At the heart of Deminor's grievance against Vestas is the decision to change its accounting procedures in 2010. Deminor believe this has affected share price performance, which has fallen from DKK 360 (EUR 48) in 2010 to the current price of DKK 40.
Deminor wants shareholders to vote on the appointment of a scrutiniser to examine the Vestas board's recent business decisions. Under Danish law any shareholder is allowed to submit a scrutiny proposal at a company's AGM. It has to be accepted by a majority. In January, Deminor purchased one Vestas share in order to facilitate this.
It has now detailed the allegations in a report titled "Future value creation requires full transparency", which includes accounting issues and profit warnings, changes to the auditors and issues in India surrounding former chief financial officer Henrik Norremark.
Additionally, Deminor said it has questions over Vestas' order book and how it compares with intake orders, shipping and other variables. Deminor said the figures suggest orders described as firm and unconditional have been cancelled.

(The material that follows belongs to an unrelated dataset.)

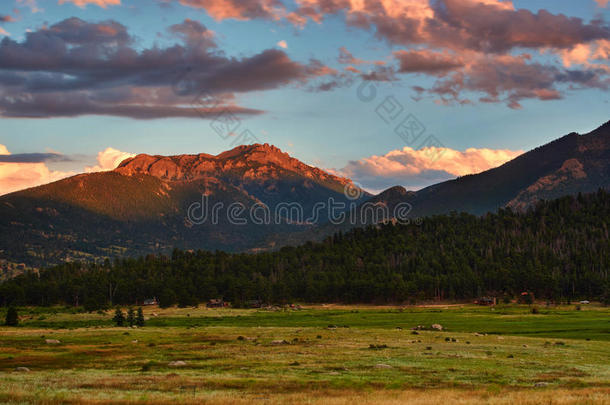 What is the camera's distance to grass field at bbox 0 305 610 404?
123 ft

The report states: "The difference between deliveries (MW) and MW produced and shipped in the year 2010 is noteworthy. It suggests that approximately a net 1,800MW were transferred from previous accounting periods into 2010 following the change of accounting rules. This more or less equates to our 1.8 billion of revenues, of which we stated above that these revenues were added to the 2010 figures from previous accounting rules.

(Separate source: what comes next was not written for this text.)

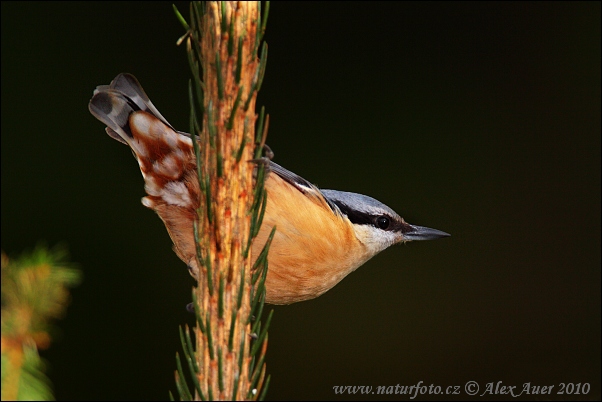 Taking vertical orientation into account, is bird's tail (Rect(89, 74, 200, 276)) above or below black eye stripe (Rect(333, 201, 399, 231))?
above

"This underscores our previous conclusion that 2010 sales would have been substantially below the EUR 6 billion guidance released on August 18, 2010 (under the old accounting rules) if the revenue recognition policy had not been modified."
Commenting on Deminor's report, Vestas described it as speculation and referred to its previous statement when Deminor tabled the vote.
(Updated - 20 February) In a statement, Vestas said: "Deminor’s demands for scrutiny will be discussed at our upcoming Annual General Meeting on 21 March.
"In the opinion of the Board, additional investigations will be unnecessary and only obstruct the work of the Board and impose needless costs on the company.
Separately, Vestas announced that it was transferring around 400 Danish staff from its Copenhagen and Randers offices to its headquarters at Aarhus.